A EXPERIÊNCIA DA MENTE

Considerado um texto clássico sobre a prática e a filosofa da ioga, o “Ioga Sutra” foi escrito por Patanjali, um sábio que viveu na Índia em algum período entre 200 a.C e 400 d.C. Ele não foi o criador dessas ideias, mas compilou o conhecimento que existia na época de forma dispersa para que pudesse ser transmitido de forma sistematizada.

Como o ensino se baseava na tradição oral, o texto de Patanjali foi escrito na forma de sutras, ou aforismos, que condensaram várias camadas de informações de forma enxuta para que pudessem ser facilmente decorados e transmitidos oralmente de mestre a discípulo. Daí surgiu a tradição de recitar os sutras e de estudar os comentadores que ajudam a interpretar os sentidos por trás do texto conciso.

E o que dizem esses aforismos? Tratam sobre o caminho da ioga de busca da compreensão da realidade –sobre nós e o universo– por meio do estudo da mente humana: como ela se relaciona com nossas escolhas, ações, sentimentos, padrões de comportamento e como podemos usá-la a nosso favor. Isso só pra começar…

Então, ao compreendermos melhor as possibilidades da mente, começam a fazer sentido aquelas frases que costumamos ouvir nas aulas de ioga. Uma nova janela de possibilidades se abre, como afirma Swami Vivekananda no livro “Raja-Yoga: o caminho da meditação”:

“[A Raja Yoga] declara que cada pessoa é apenas um canal para um infinito oceano de conhecimento e de energia existente por trás da humanidade. Ensina que os desejos e as necessidades estão no homem, que o poder de satisfazê-los também está no homem; e que não importa quando nem onde um desejo, uma necessidade ou uma prece tenha sido atendida, foi daquele infinito manancial que a provisão se originou, e não de algum ser sobrenatural.”

Mas tem um detalhe importante.

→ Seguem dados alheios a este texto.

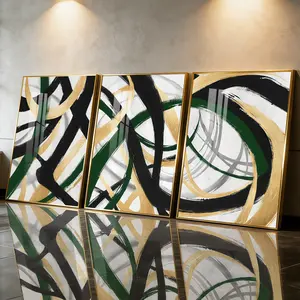 3 Count Aluminum Alloy Frame Canvas， Fashion Poster Abstract Black Gold Green Lines， Modern Living Room Decoration， Light Luxury Family Art， Suitable For Bedroom， Corridor And Office Wall Decor， Gift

A investigação da mente proposta nos sutras não se restringe ao estudo intelectual. Como explica Vivekananda, é preciso ir além do instinto (inconsciente) e da razão (consciente) para se compreender o estado transcendente ou supraconsciente da mente humana.

E isso só é possível por meio da experiência, base de todo o conhecimento, segundo o autor. “A experiência é o único mestre que temos. Podemos falar e refletir por toda a vida, mas não compreenderemos uma única palavra da verdade até que nós mesmos a tenhamos vivenciado.”